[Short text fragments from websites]
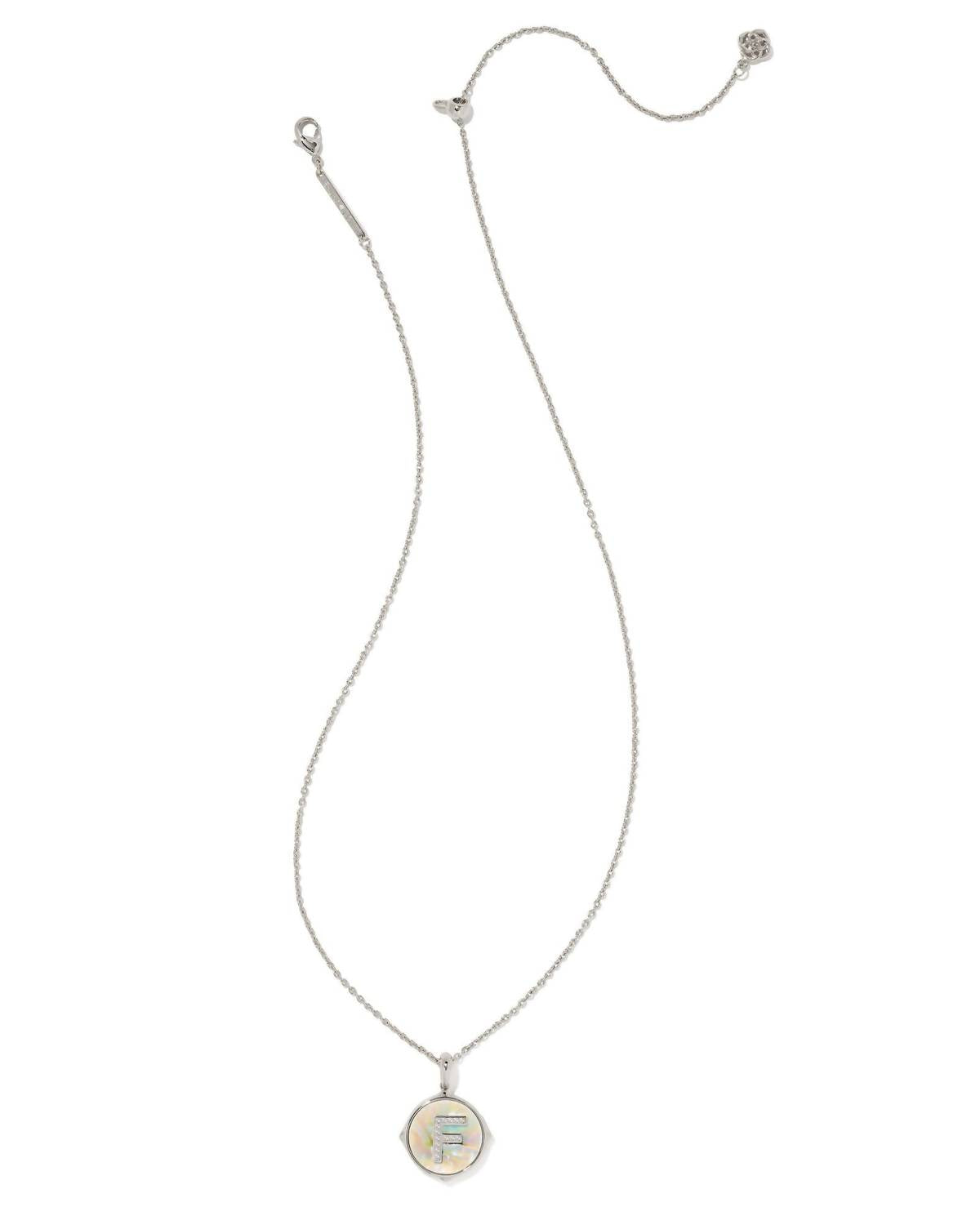 Kendra Scott - Letter F Disc Reversable Pendant Necklace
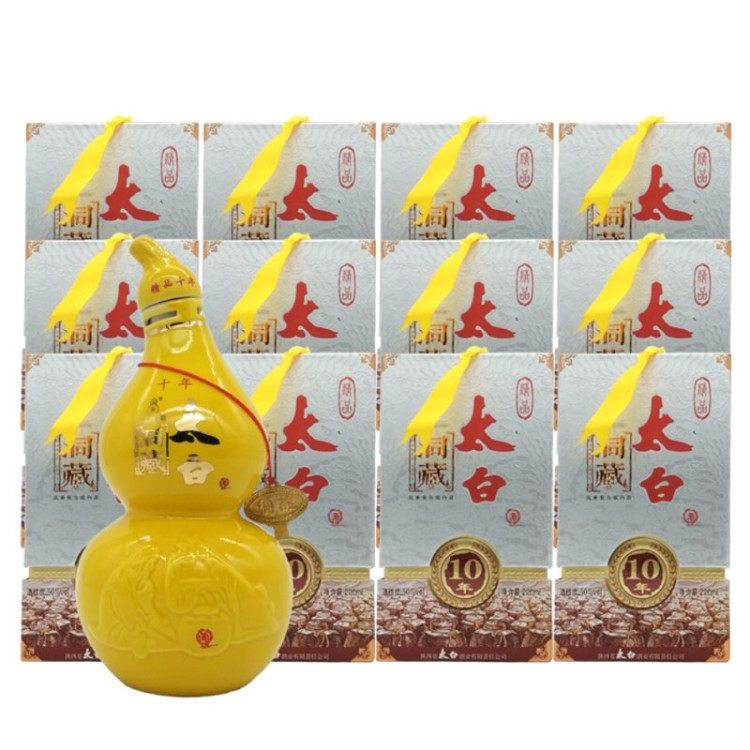 2013年产太白洞藏10年酒50度220ml小酒凤兼复合型酒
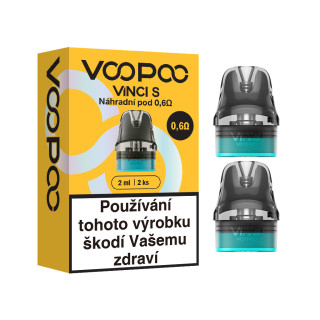 VooPoo Vinci S Pod náhradní cartridge 2ks – 0,6ohm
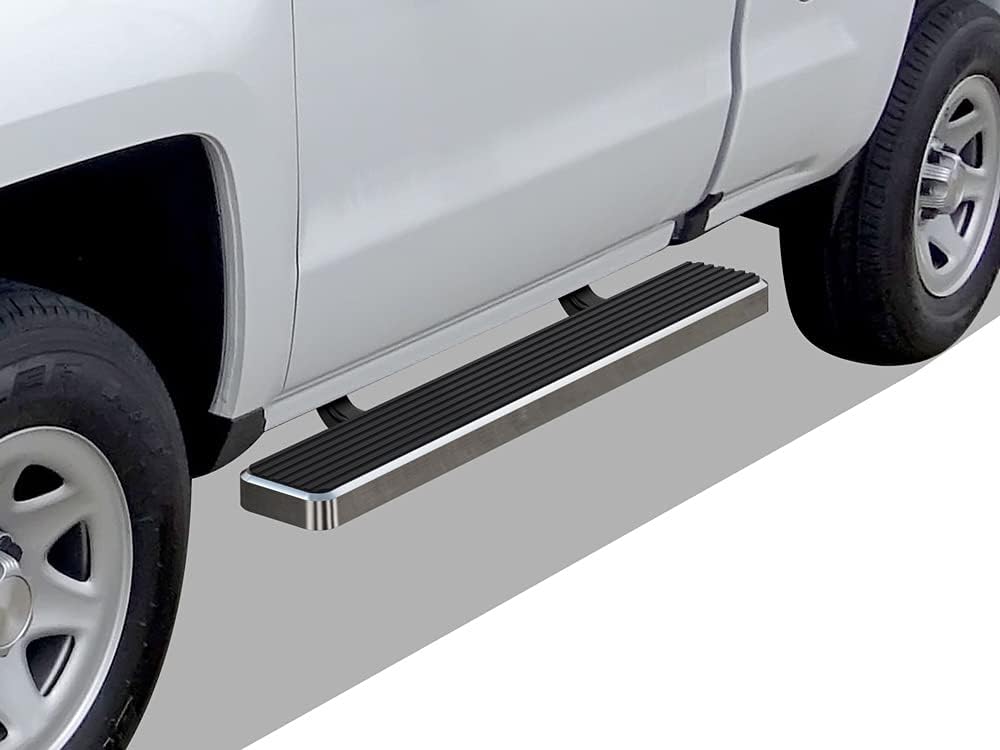 Black Powder Coated 6in Running Boards J22870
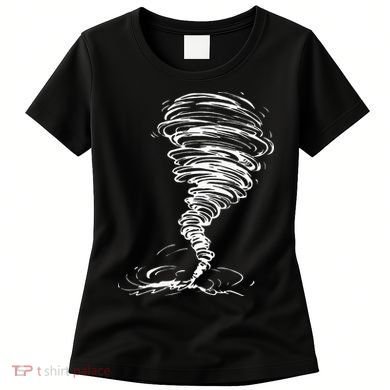 While Storm Tornado Twister Hurricane Weather Scary Costume Women's T-Shirt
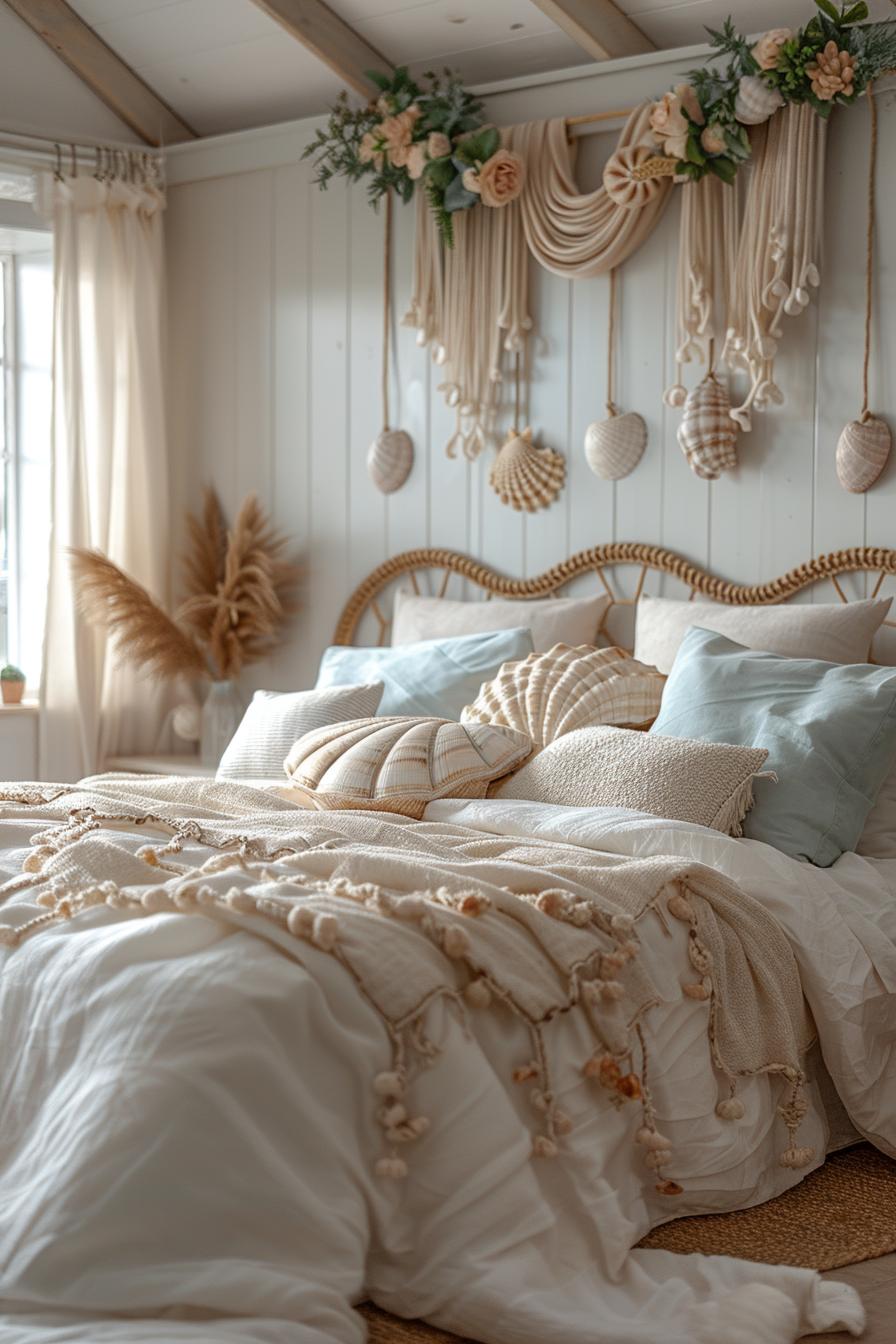 2. Seaside Macrame Headboard Inspiration-0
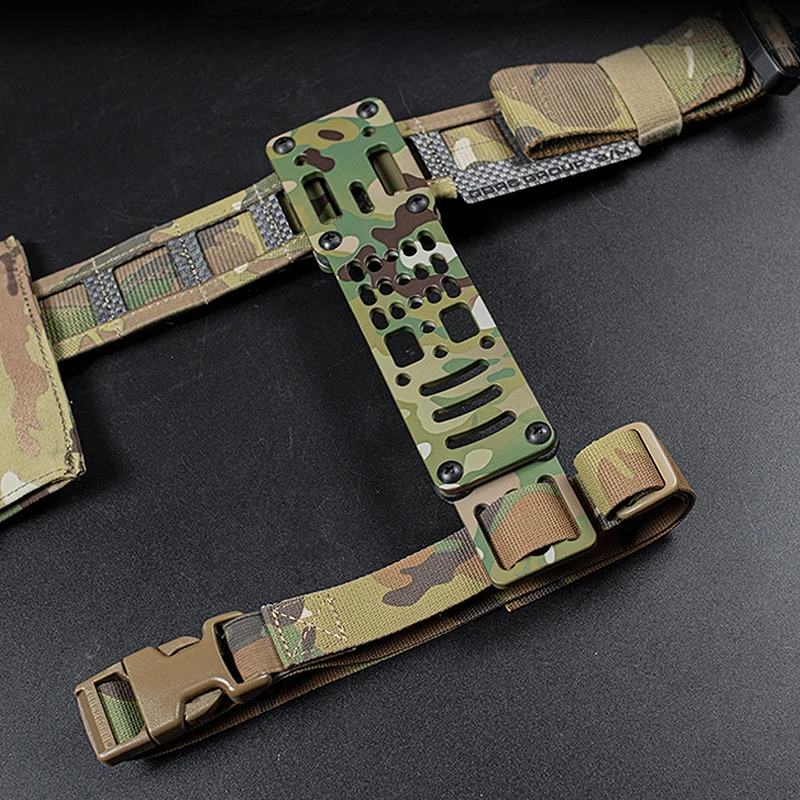 La plataforma adaptadora de funda Modular táctica se adapta al modo Popular "Med-ride" de llevar a reducir la pistola debajo de la línea de cinturón de tiradores - imagen 4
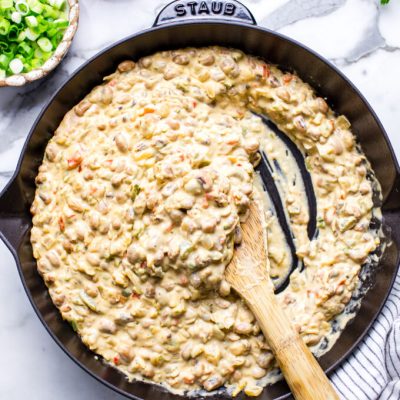 Hot And Spicy Cheesy Black- Eyed Pea Dip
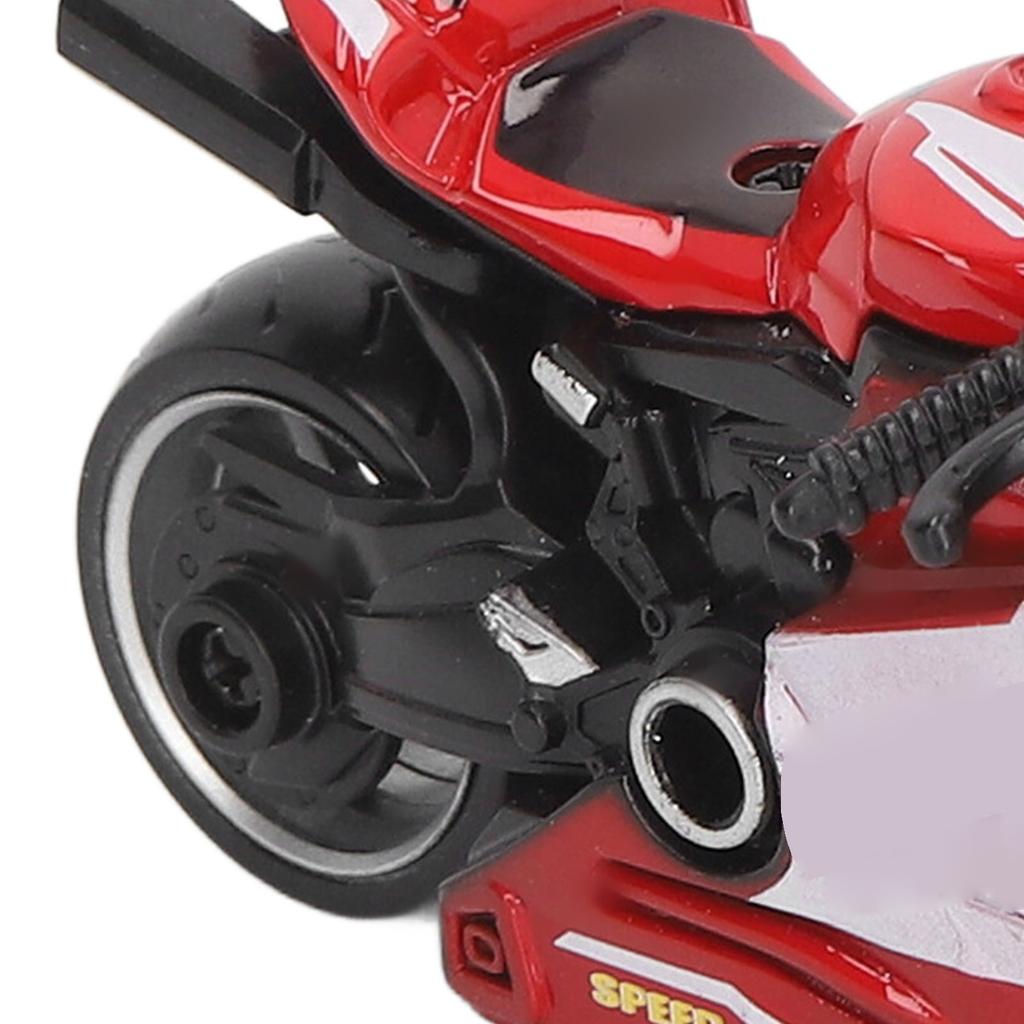 Pull Back Motorcycles Toy Innovative Simulation Alloy Motorcycle Model for Kids Gifts Collection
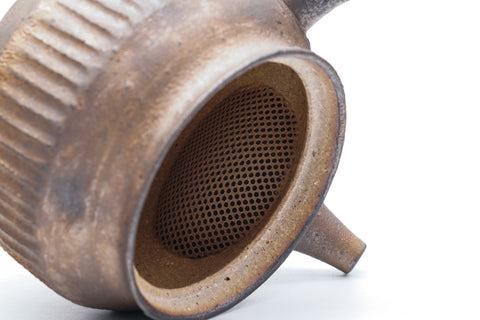 Kurokinsai Striped Tokoname Teapot - 250ml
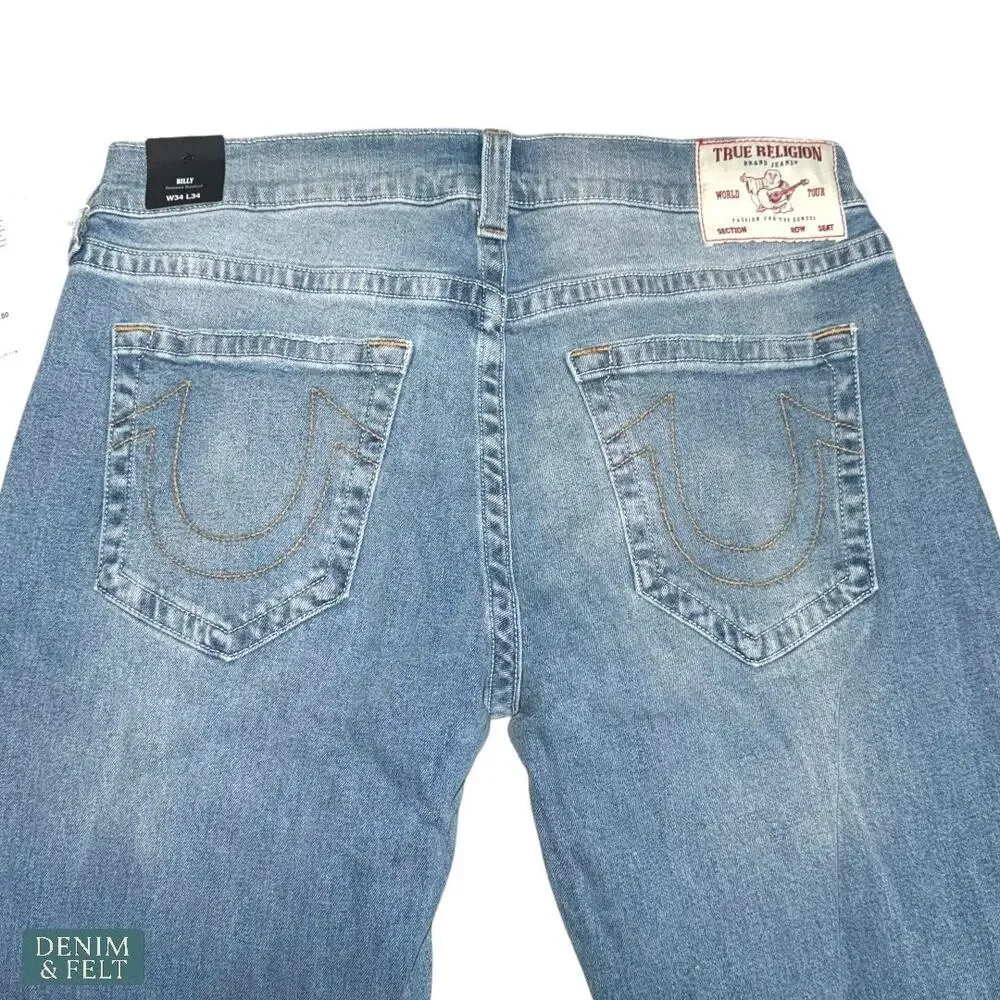 True Religion Billy Bootcut Jeans Men’s 34 Brilliant Medium Wash Denim NEW NWT!!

→ **TASK TO COMPLETE**:
Could all the data above be given again exactly, leaving out its images?

→ **EXERCISE OUTPUT**:
 Kendra Scott - Letter F Disc Reversable Pendant Necklace
 2013年产太白洞藏10年酒50度220ml小酒凤兼复合型酒
 VooPoo Vinci S Pod náhradní cartridge 2ks – 0,6ohm
 Black Powder Coated 6in Running Boards J22870
 While Storm Tornado Twister Hurricane Weather Scary Costume Women's T-Shirt
 2. Seaside Macrame Headboard Inspiration-0
 La plataforma adaptadora de funda Modular táctica se adapta al modo Popular "Med-ride" de llevar a reducir la pistola debajo de la línea de cinturón de tiradores - imagen 4
 Hot And Spicy Cheesy Black- Eyed Pea Dip
 Pull Back Motorcycles Toy Innovative Simulation Alloy Motorcycle Model for Kids Gifts Collection
 Kurokinsai Striped Tokoname Teapot - 250ml
 True Religion Billy Bootcut Jeans Men’s 34 Brilliant Medium Wash Denim NEW NWT!!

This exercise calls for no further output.